Threat of fine and jail doesn't deter residents, due to poor enforcement
P. Jayaram, Straits Times 4 Apr 09;
NEW DELHI: Nearly three months after India's national capital banned the use, sale and storage of plastic bags, the ubiquitous bags have refused to go away.
In vegetable markets, shops and even shopping malls, traders and customers continue to use plastic bags that experts say harm the environment and choke storm-water drains.
Not surprisingly, the Jan 16 announcement had been received with scepticism in a city whose residents are used to bans being flouted openly.

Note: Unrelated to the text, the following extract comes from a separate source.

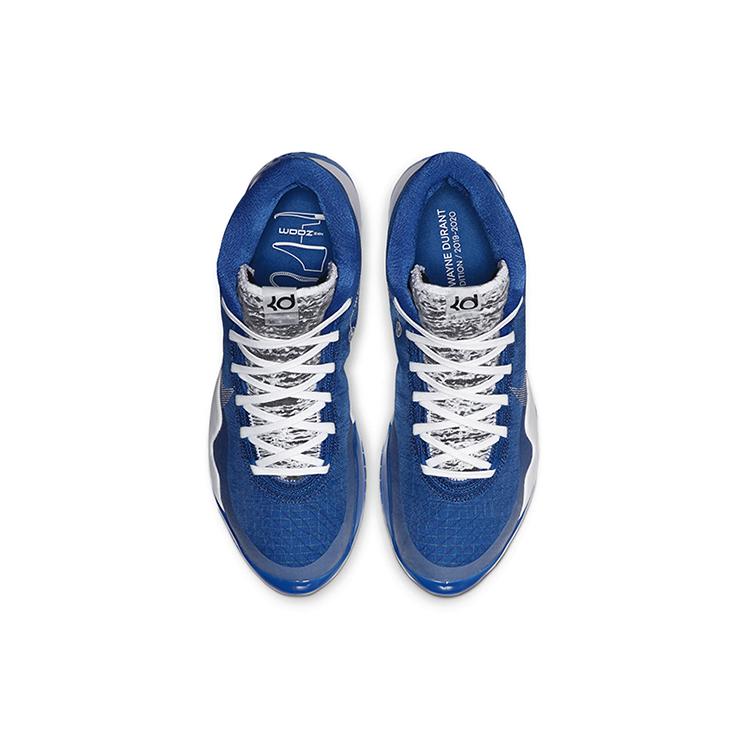 New Nike Kd 12 Tb Game Royal CN9518-405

They say the ban on plastic bags will meet the same fate as so many other 'don'ts' issued by the authorities in the past: 'Don't litter the roads', 'Don't smoke in public', 'Don't use roadsides as toilets'. The list of punishable offences is long but is seldom enforced.
But environmentalists have not lost hope yet.
'The ban was long overdue. A blanket ban was necessary,' said Mr Kushal Yadav, coordinator and campaigner at the Centre for Science and Environment (CSE), a Delhi-based non-governmental organisation.
'It is a good beginning, though 100 per cent compliance would take a long time,' he told The Straits Times.
He said when hill stations like Shimla and Nainital banned plastic bags two years ago, there was scepticism about whether it would be effective. 'Today, you cannot see a plastic bag in these places,' he said.
But he agreed the capital's record of enforcement of such bans has been poor.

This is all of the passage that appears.